Nel 38 a.C., Ottaviano, che da Roma governava le province occidentali dell’impero, si era impantanato in un conflitto con Sesto Pompeo, il figlio più giovane di Pompeo Magno, che aveva occupato la Sicilia con notevoli forze terrestri e navali. A quell’epoca, secondo tutte le fonti documentali in nostro possesso, la Decima legione era di stanza in Oriente, al servizio di Marco Antonio, che amministrava quella parte dell’impero. Ottaviano aveva lanciato una serie di campagne militari contro Sesto Pompeo, subendo però molte sconfitte navali, una delle quali proprio nello stretto di Messina, dove era sfuggito alla morte per un soffio. Due anni più tardi, Marco Agrippa – l’ammiraglio di Ottaviano – avrebbe definitivamente sconfitto Sesto Pompeo in uno scontro al largo di Mylae (l’attuale Milazzo), sulla costa nordorientale della Sicilia ma abbastanza lontano dallo stretto di Messina.

È possibile che la Decima legione si trovasse a bordo di una delle tante flotte di Ottaviano nel 38 a.C., e che avesse combattuto valorosamente durante gli abbordaggi dei legni nemici, guadagnandosi il diritto di fregiarsi del simbolo della galea, né più né meno come Giulio Cesare aveva concesso il simbolo dell’elefante alla Quinta legione dopo la battaglia di Tapso. In ragione delle sue sconfitte sul mare, Ottaviano aveva scambiato 20 000 dei suoi legionari con 120 navi da guerra della flotta di Antonio, così da rimpiazzare i vascelli perduti; e forse fu così che la Decima legione rientrò nei ranghi dell’esercito di Antonio, dove aveva già servito nel corso del decennio precedente, e dove sarebbe rimasta fino alla battaglia di Azio.
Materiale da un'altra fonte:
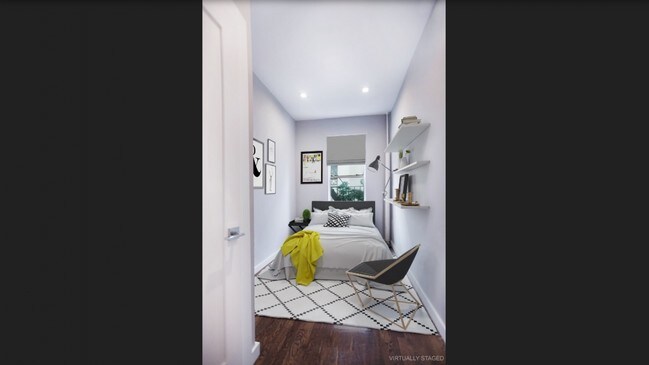 Foto del edificio - 312 E 106th St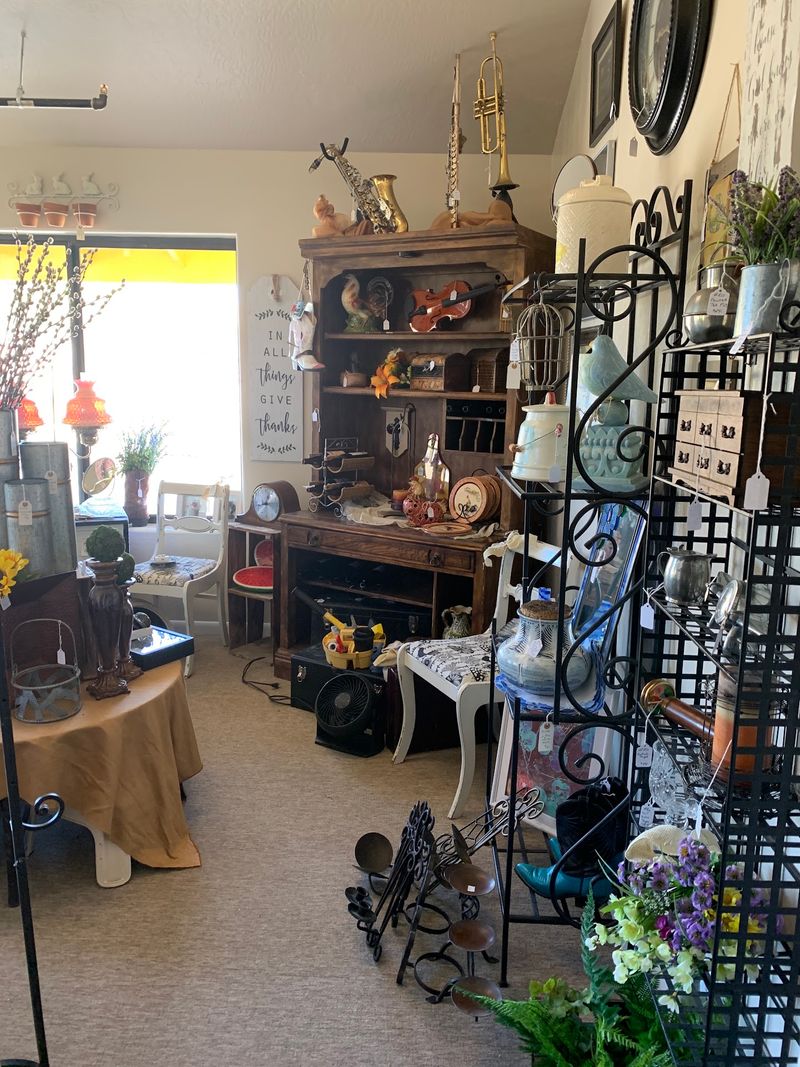 Prescott Antiques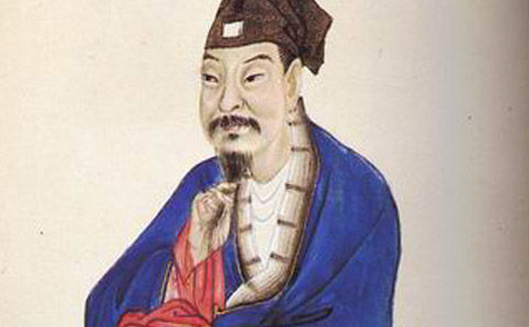 孔融轼母的故事是不是真的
Questa ricostruzione presta però il fianco a numerosi rilievi. Anzitutto, quando in epoca tarda si conferiva a una legione un titolo o un emblema per ricompensarla del valore che aveva dimostrato in battaglia, questo avveniva solo in caso di vittoria, non di sconfitta. In secondo luogo, almeno per quanto ne sappiamo, prima del 25 a.C. (circa) non venivano accordati titoli alle legioni già identificate con un numero. Dopo che il senato ebbe concesso a Ottaviano il titolo di Augusto nel 27 a.C., sembra che lo stesso imperatore inaugurasse il costume di «nominare» le unità dell’esercito, partendo dalle sette legioni che si erano particolarmente distinte nelle guerre cantabriche del 29-19 a.C. Per quel che concerne gli scontri navali nello stretto di Messina del 38 a.C., Appiano – autore di una cronaca molto dettagliata di quegli eventi, con tanto di indicazione delle legioni coinvolte, comprese la Prima e la Tredicesima – non fa il benché minimo cenno alla Decima, tantomeno a suoi presunti atti di valore, che pure avrebbero certamente meritato qualche citazione. Non a caso, è lo stesso Appiano che ci ricorda quanto si rivelò decisivo l’ardimento della Quinta legione nella vittoria di Giulio Cesare a Tapso nel 46 a.C.

Tutto questo ci porta a concludere che l’appellativo di «Fretensis», in rapporto alla Decima legione, fosse soltanto una specie di nomignolo, un mero soprannome colloquiale. Semplicemente, non c’è alcuna prova che si trattasse di un titolo ufficiale.